(Records contained in a dataset)

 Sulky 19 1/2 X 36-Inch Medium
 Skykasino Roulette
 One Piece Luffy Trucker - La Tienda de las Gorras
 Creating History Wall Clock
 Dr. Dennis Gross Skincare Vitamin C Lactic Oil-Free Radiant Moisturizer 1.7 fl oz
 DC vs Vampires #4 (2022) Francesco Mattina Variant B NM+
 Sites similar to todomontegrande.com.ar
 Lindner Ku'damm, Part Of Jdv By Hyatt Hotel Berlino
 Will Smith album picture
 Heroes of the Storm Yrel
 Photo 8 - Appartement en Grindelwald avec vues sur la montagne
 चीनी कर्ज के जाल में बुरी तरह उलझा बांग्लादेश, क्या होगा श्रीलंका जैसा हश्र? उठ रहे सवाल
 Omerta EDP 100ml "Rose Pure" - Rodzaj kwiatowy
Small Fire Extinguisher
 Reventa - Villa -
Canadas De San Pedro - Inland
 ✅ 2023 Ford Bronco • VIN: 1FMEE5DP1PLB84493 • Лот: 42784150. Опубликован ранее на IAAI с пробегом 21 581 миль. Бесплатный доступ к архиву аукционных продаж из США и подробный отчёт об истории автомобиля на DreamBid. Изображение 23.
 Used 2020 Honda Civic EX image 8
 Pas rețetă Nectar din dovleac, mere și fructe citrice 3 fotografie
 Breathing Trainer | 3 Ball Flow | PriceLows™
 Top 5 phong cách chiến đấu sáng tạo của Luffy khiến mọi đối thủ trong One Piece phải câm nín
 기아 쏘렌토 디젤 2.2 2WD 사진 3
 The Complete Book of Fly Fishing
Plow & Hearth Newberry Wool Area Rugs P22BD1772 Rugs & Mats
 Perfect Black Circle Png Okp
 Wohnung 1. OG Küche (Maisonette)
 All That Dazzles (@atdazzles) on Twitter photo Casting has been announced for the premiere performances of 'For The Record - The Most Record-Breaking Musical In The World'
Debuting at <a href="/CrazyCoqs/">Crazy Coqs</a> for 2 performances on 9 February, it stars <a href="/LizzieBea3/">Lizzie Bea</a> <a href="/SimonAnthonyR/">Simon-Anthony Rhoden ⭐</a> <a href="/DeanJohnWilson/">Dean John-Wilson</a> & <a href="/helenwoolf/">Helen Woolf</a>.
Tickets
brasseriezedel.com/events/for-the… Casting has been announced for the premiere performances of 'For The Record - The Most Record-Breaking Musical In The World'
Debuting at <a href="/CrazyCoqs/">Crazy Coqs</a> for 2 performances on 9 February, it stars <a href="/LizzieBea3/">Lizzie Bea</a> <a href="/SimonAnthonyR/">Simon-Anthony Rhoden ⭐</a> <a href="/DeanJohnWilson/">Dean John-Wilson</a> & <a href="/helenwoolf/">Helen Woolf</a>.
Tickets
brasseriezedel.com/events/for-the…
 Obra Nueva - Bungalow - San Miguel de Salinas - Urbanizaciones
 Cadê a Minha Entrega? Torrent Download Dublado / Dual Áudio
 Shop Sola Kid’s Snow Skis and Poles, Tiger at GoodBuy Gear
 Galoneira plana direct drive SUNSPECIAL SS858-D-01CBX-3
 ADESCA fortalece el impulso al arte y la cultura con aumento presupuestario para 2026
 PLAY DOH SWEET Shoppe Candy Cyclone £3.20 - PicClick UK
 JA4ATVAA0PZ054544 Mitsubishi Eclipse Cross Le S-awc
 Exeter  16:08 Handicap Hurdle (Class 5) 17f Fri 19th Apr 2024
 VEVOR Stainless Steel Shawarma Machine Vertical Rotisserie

#### [Exercise aim]
Quote, word for word, every line from the top of the entries through the line that holds "All That Dazzles".

#### [Result of the exercise]
 Sulky 19 1/2 X 36-Inch Medium
 Skykasino Roulette
 One Piece Luffy Trucker - La Tienda de las Gorras
 Creating History Wall Clock
 Dr. Dennis Gross Skincare Vitamin C Lactic Oil-Free Radiant Moisturizer 1.7 fl oz
 DC vs Vampires #4 (2022) Francesco Mattina Variant B NM+
 Sites similar to todomontegrande.com.ar
 Lindner Ku'damm, Part Of Jdv By Hyatt Hotel Berlino
 Will Smith album picture
 Heroes of the Storm Yrel
 Photo 8 - Appartement en Grindelwald avec vues sur la montagne
 चीनी कर्ज के जाल में बुरी तरह उलझा बांग्लादेश, क्या होगा श्रीलंका जैसा हश्र? उठ रहे सवाल
 Omerta EDP 100ml "Rose Pure" - Rodzaj kwiatowy
Small Fire Extinguisher
 Reventa - Villa -
Canadas De San Pedro - Inland
 ✅ 2023 Ford Bronco • VIN: 1FMEE5DP1PLB84493 • Лот: 42784150. Опубликован ранее на IAAI с пробегом 21 581 миль. Бесплатный доступ к архиву аукционных продаж из США и подробный отчёт об истории автомобиля на DreamBid. Изображение 23.
 Used 2020 Honda Civic EX image 8
 Pas rețetă Nectar din dovleac, mere și fructe citrice 3 fotografie
 Breathing Trainer | 3 Ball Flow | PriceLows™
 Top 5 phong cách chiến đấu sáng tạo của Luffy khiến mọi đối thủ trong One Piece phải câm nín
 기아 쏘렌토 디젤 2.2 2WD 사진 3
 The Complete Book of Fly Fishing
Plow & Hearth Newberry Wool Area Rugs P22BD1772 Rugs & Mats
 Perfect Black Circle Png Okp
 Wohnung 1. OG Küche (Maisonette)
 All That Dazzles (@atdazzles) on Twitter photo Casting has been announced for the premiere performances of 'For The Record - The Most Record-Breaking Musical In The World'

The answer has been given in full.